Happily, the new law plans to change this appalling situation for some unmarried fathers. Those who have been cohabiting with their partner for 12 months, including at least three months following the birth of the child, will receive automatic guardianship rights. However, the big question is why Justice Minister Frances Fitzgerald opted for this rather complicated cohabitation test instead of just conferring automatic guardianship rights on all fathers upon the birth of their child?
This was a course of action that was recommended by the Law Reform Commission as far back as 1982, when it said that non-marital fathers should automatically become a joint guardian. That advice was ignored.

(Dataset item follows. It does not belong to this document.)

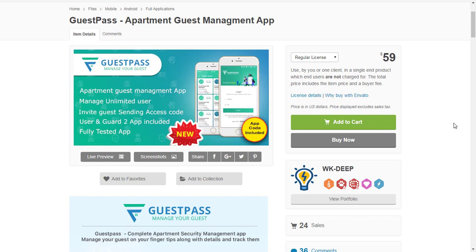First of all we're going to set up the back end, then from there we set up the app itself. There are two apps — one for the security guard and one for the guest — so we'll be learning how to set up these apps individually on this YouTube channel, the Viral System. Stay with me.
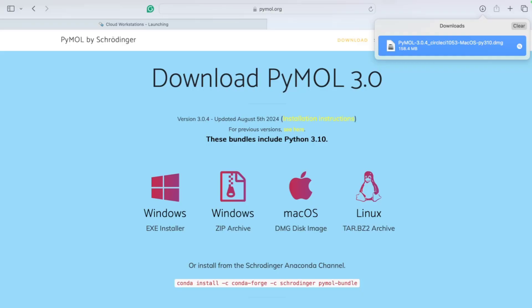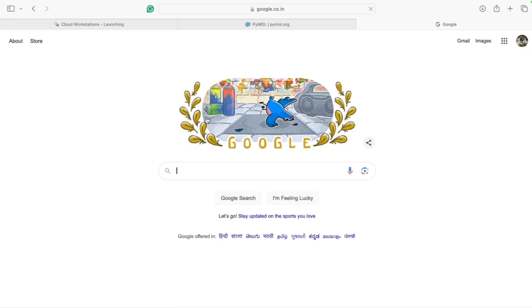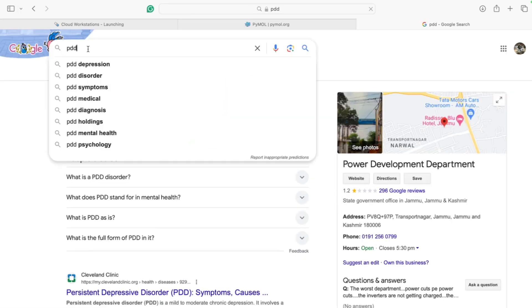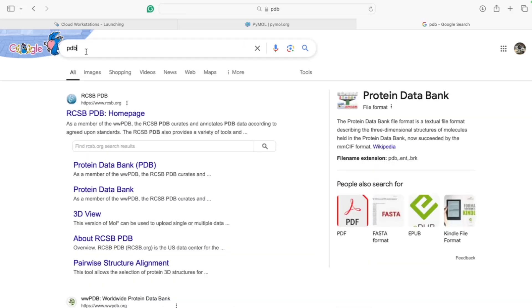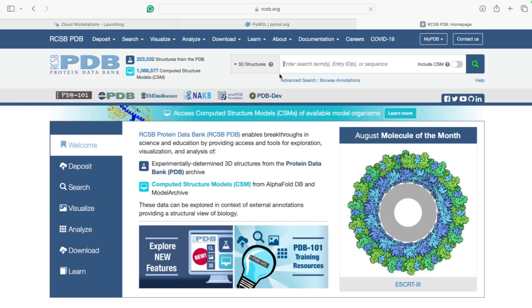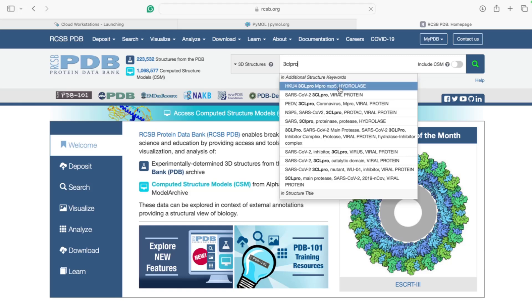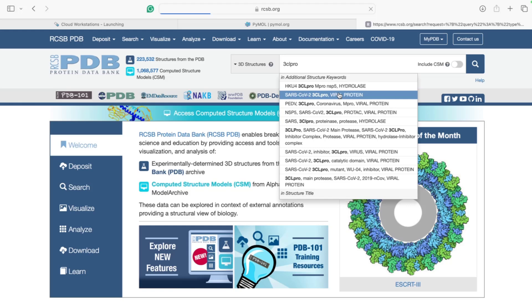To demonstrate the interface, let's download a file. We can visualize 3D structures such as protein-ligand interactions. Let's go to the PDB — the Protein Data Bank. I'll search for 3CLpro, which is the main COVID-19 protease, also called Mpro.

The Law Reform Commission, in 2010, again recommended that automatic guardianship should be linked to compulsory joint registration of the birth of the child. It reached its decision having regard to two guiding principles: the best interests of the child and the notion that all parents should be treated equally, regardless of gender or marital status.
Regrettably, the Minister has jettisoned this advice and her new Bill still seems to presumptively view some unmarried fathers as feckless sperm donors with no interest in the lives of their children. There are many reasons why a couple may not want to cohabit or that a relationship may break down before the birth of a child. Why should these fathers be discriminated against?
Speaking on Newstalk last week, the Minister said she opted for the cohabitation test as a means of demonstrating "responsibility and day-to-day involvement". This is an extraordinary statement, implying that the only way to be show responsibility for your child is to live with its mother. She also said that those men not covered by the new Bill would be able to apply for a statutory declaration, which is a legal document signed in the presence of a peace commissioner conferring guardianship rights.
What she didn't say is that there is no central register for these documents, meaning that if it goes missing, or one parent decides to rip it up, there is no evidence that it ever existed and a man's guardianship rights are immediately extinguished.
I asked the Department if the Bill contained any provision to set up a register of these statutory declarations and it said no because it would have "significant resource implications and would have very limited value". This would be true if the Bill conferred guardianship rights on every father but it doesn't, so surely some record should exist somewhere of who exactly is acting as guardian for children - if not for the benefit of fathers, then as a means for the State to maintain a register of anyone with parental responsibility for a child.
There is no doubt that some fathers' behaviour strips them of any right to any say in the upbringing of their children but the law should not presume guilt instead of innocence.
Overall, the new Bill will have a hugely positive impact in the lives of tens of thousands of families, but conferring automatic guardianship rights on all fathers would make it even better.